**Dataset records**
━━━━━━━━━━━━━━━━━━━━
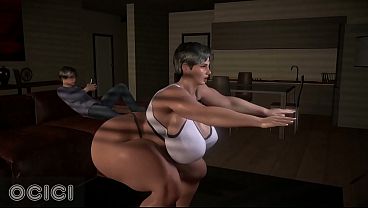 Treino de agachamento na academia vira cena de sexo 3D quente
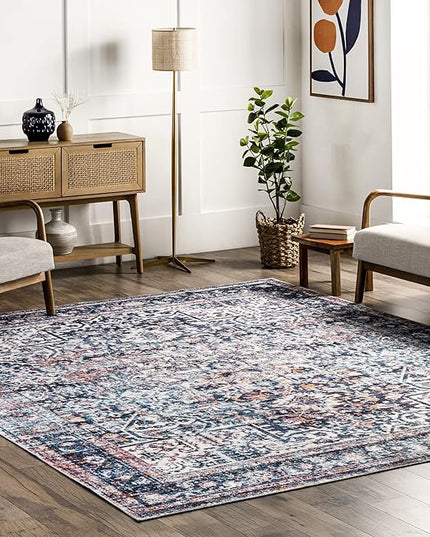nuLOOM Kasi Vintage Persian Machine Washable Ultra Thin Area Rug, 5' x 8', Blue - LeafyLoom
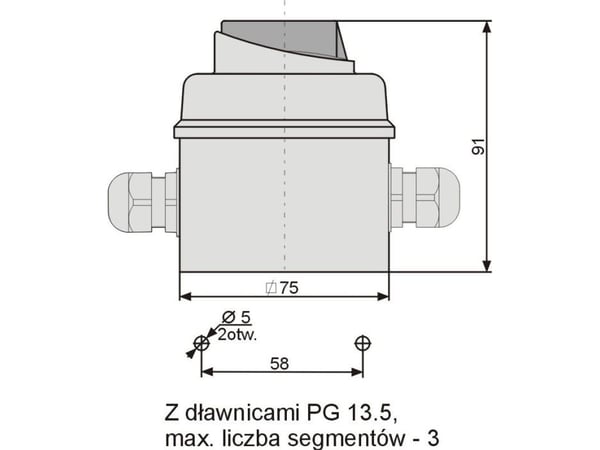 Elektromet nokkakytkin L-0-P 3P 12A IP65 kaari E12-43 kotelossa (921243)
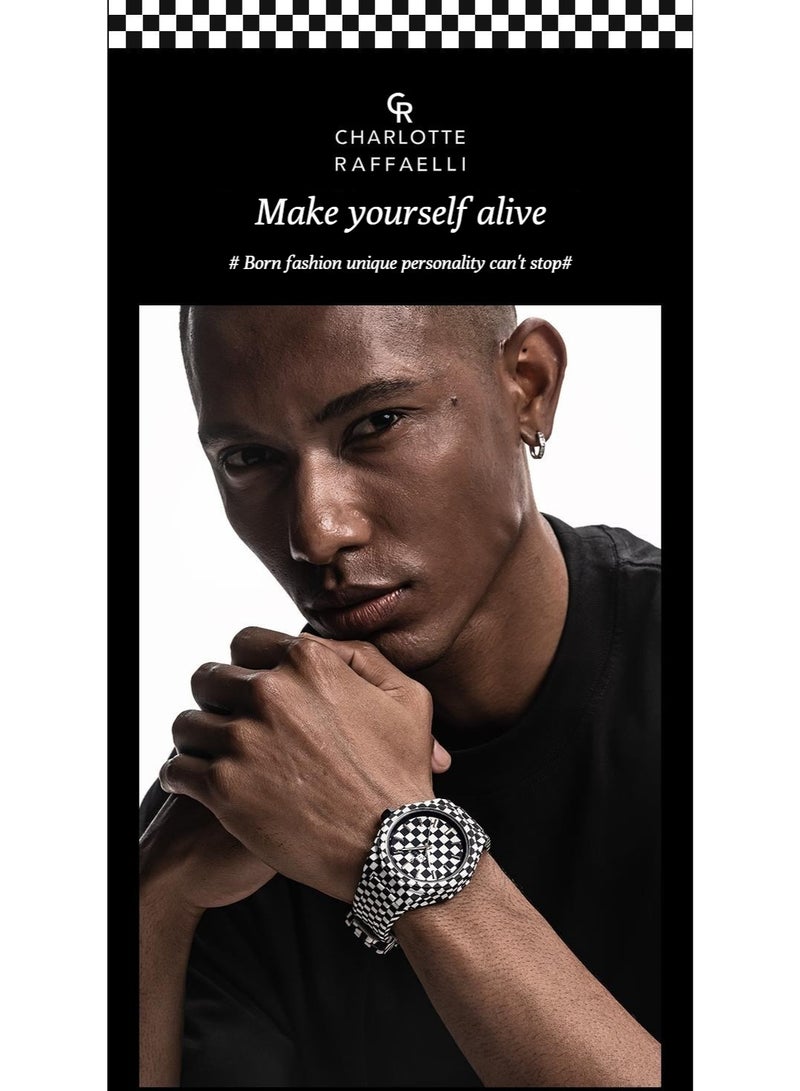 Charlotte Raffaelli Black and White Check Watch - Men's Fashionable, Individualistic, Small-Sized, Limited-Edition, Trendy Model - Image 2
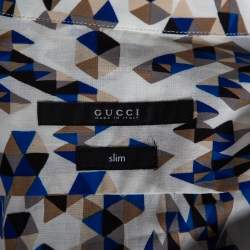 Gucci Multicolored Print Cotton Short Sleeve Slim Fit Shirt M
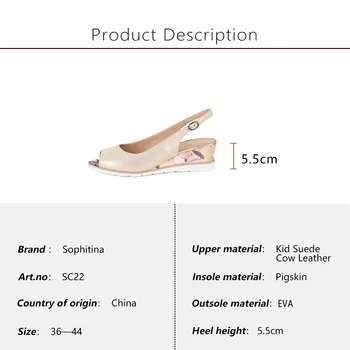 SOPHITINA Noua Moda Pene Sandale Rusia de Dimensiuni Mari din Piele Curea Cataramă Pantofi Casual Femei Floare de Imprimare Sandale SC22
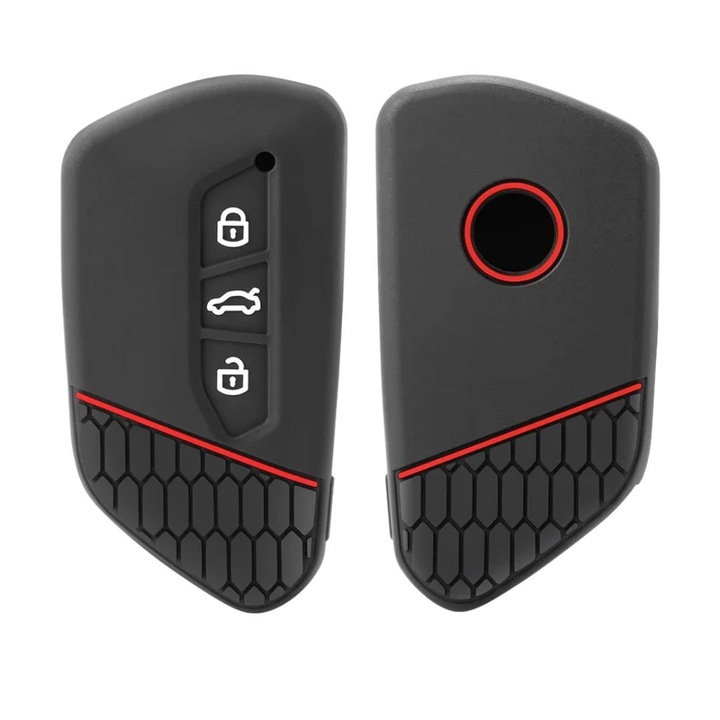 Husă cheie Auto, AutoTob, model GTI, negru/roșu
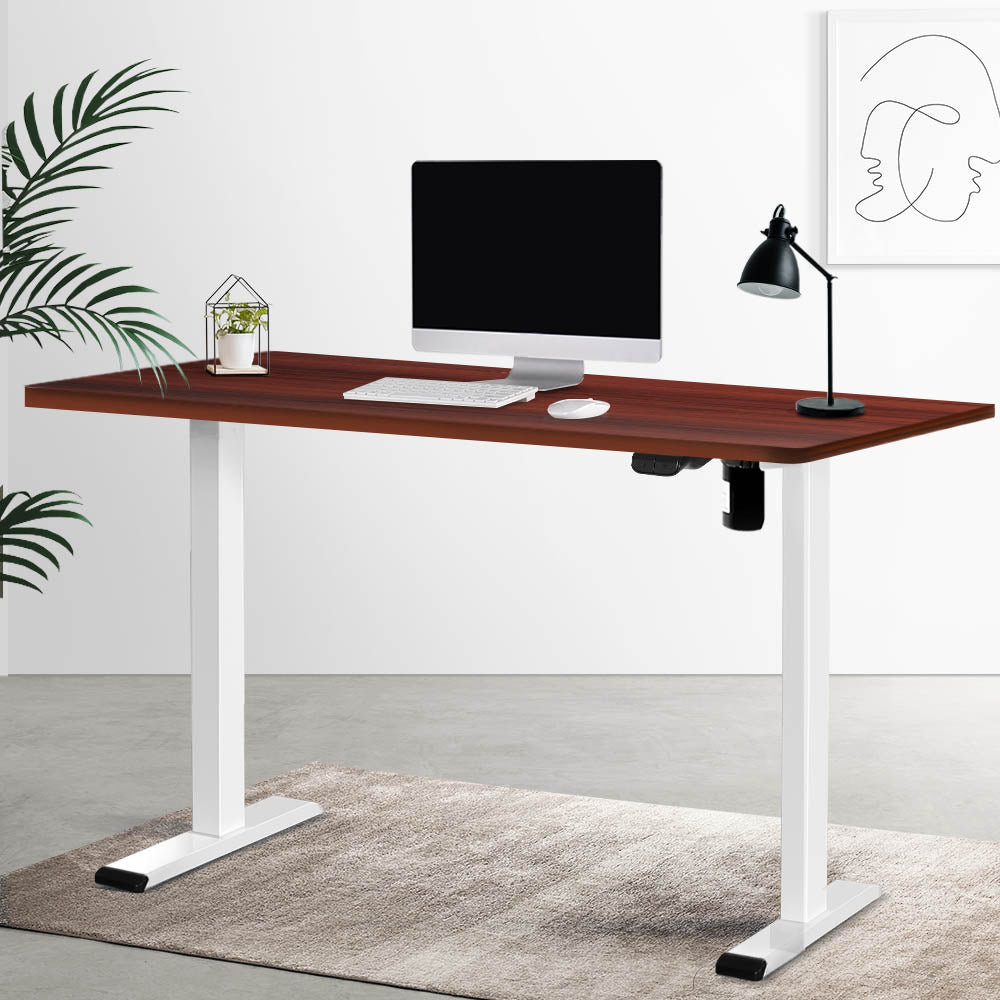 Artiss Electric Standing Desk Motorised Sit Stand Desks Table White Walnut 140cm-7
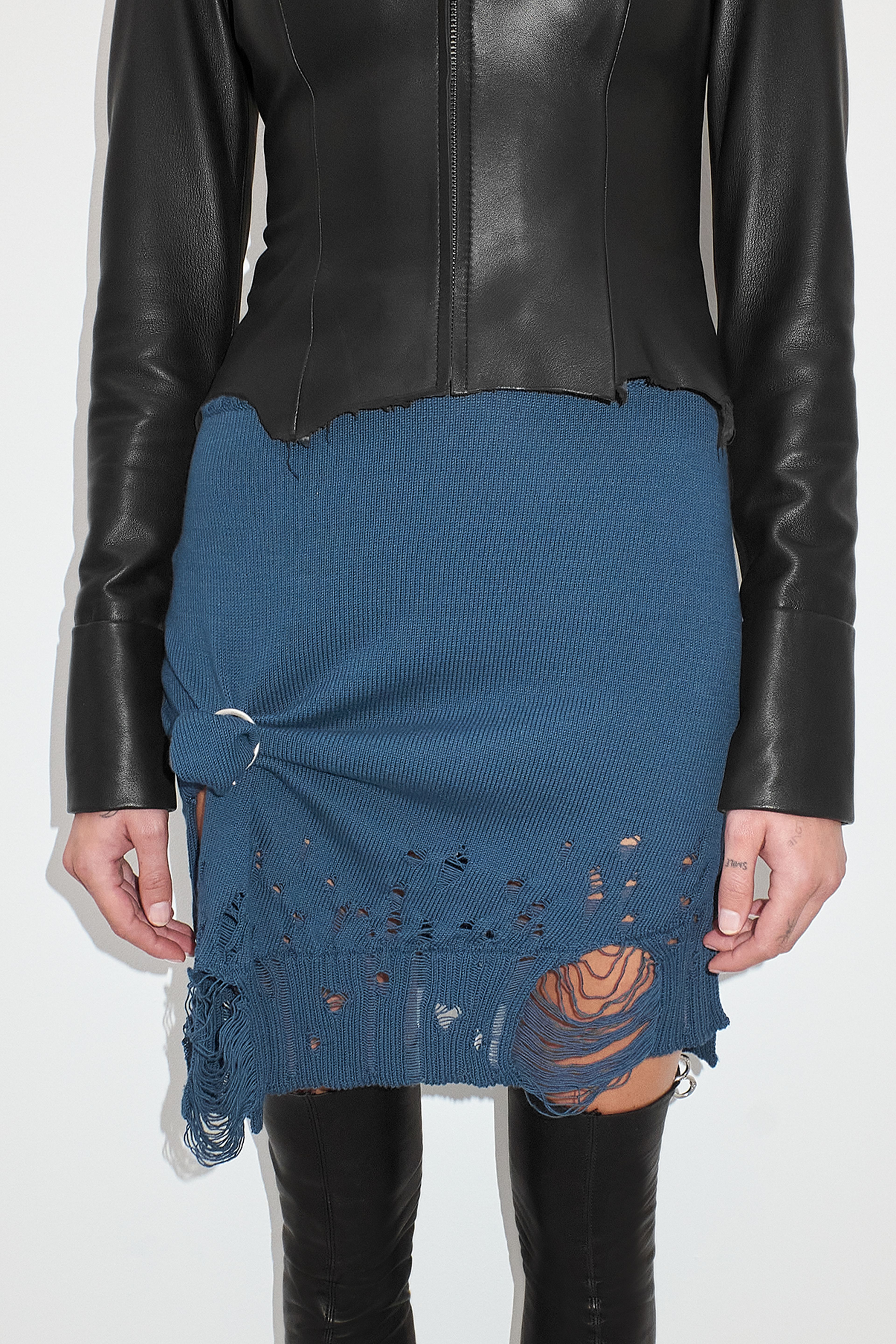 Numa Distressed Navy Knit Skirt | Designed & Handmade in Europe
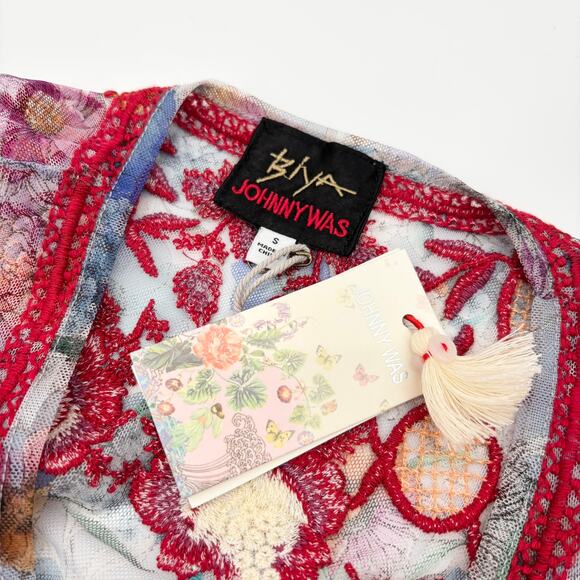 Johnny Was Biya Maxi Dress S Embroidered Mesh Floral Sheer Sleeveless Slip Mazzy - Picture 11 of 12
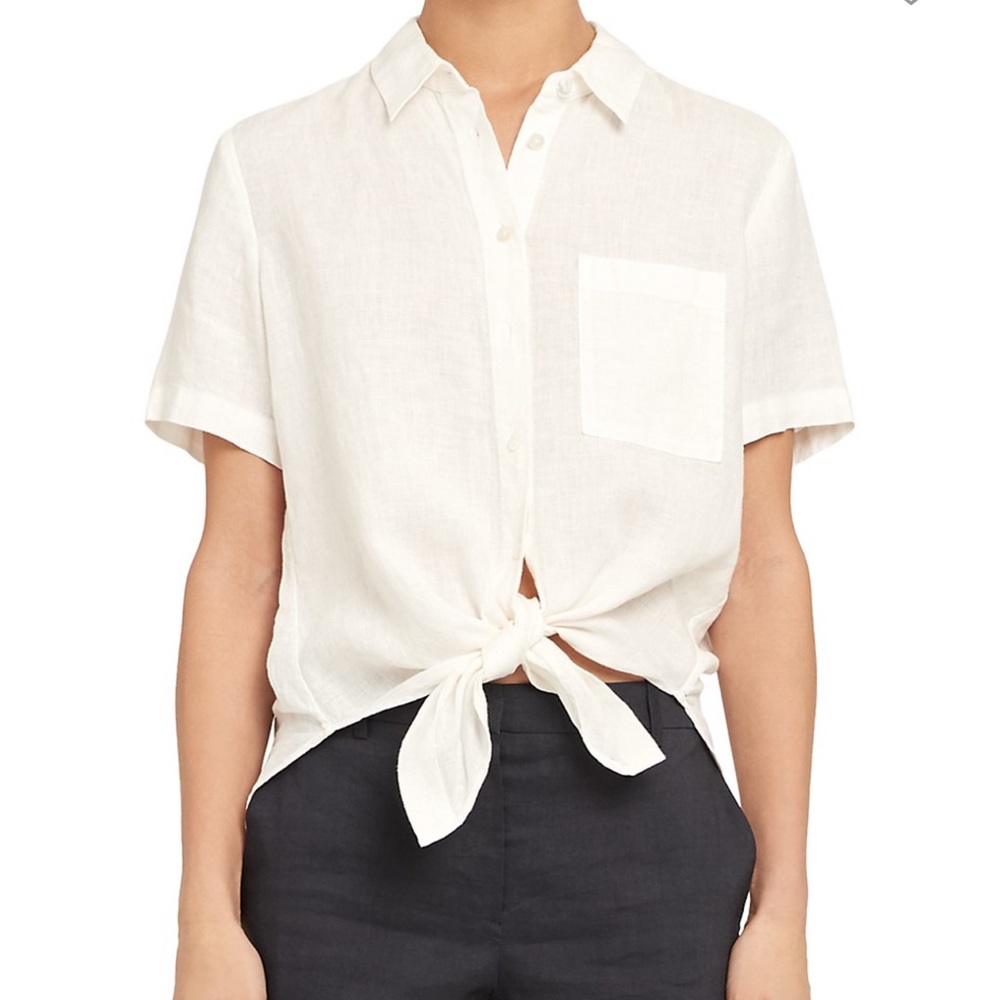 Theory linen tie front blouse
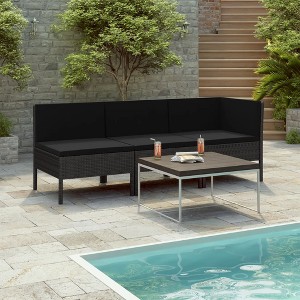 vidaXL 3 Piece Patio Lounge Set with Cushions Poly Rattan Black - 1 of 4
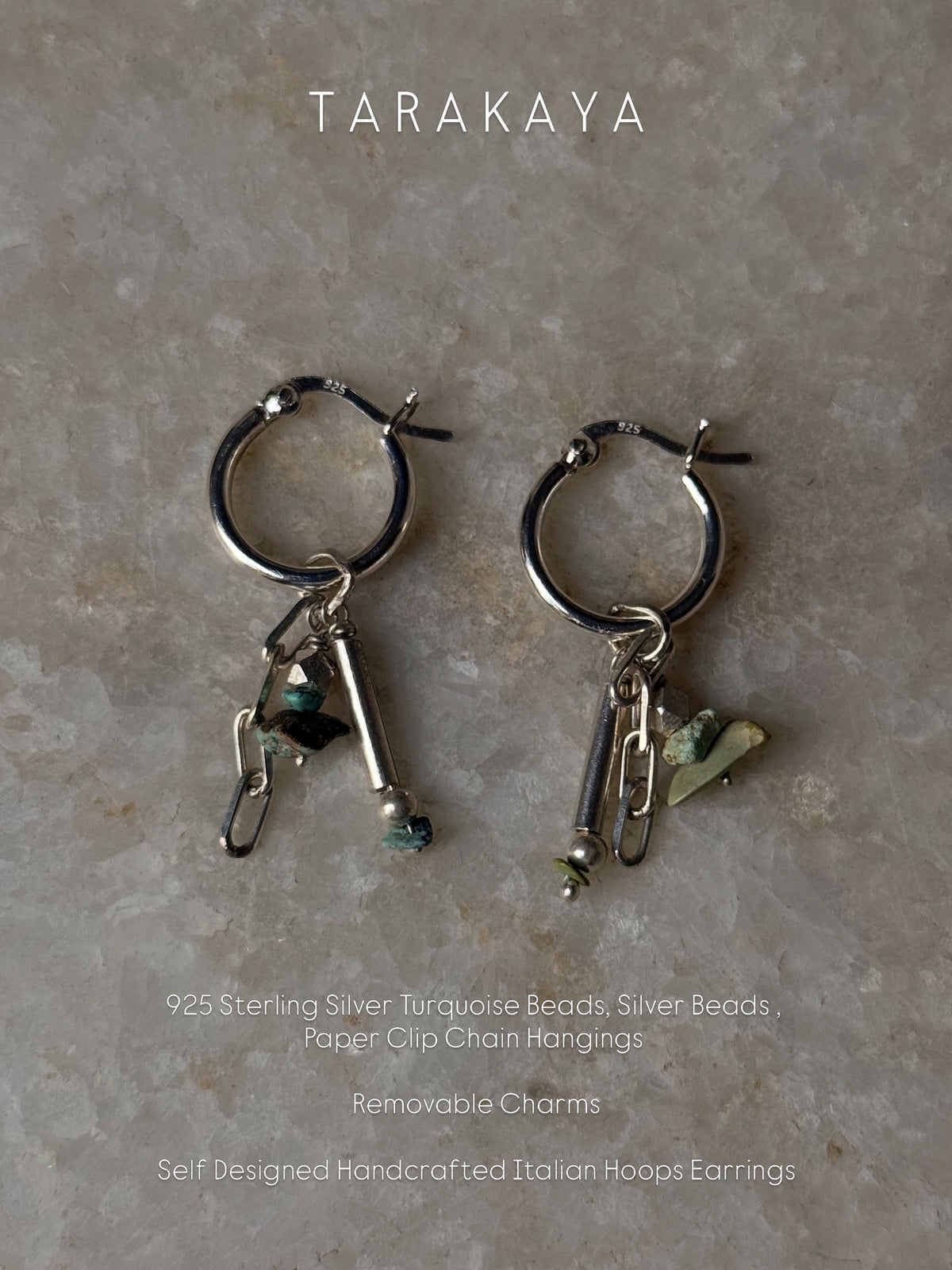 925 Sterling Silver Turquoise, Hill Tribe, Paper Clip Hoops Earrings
━━━━━━━━━━━━━━━━━━━━
**Brief**
Please print the lines from the one holding "Theory linen tie front blouse" through the end of the records above, unchanged and with the pictures left out.

**Task output**
 Theory linen tie front blouse
 vidaXL 3 Piece Patio Lounge Set with Cushions Poly Rattan Black - 1 of 4
 925 Sterling Silver Turquoise, Hill Tribe, Paper Clip Hoops Earrings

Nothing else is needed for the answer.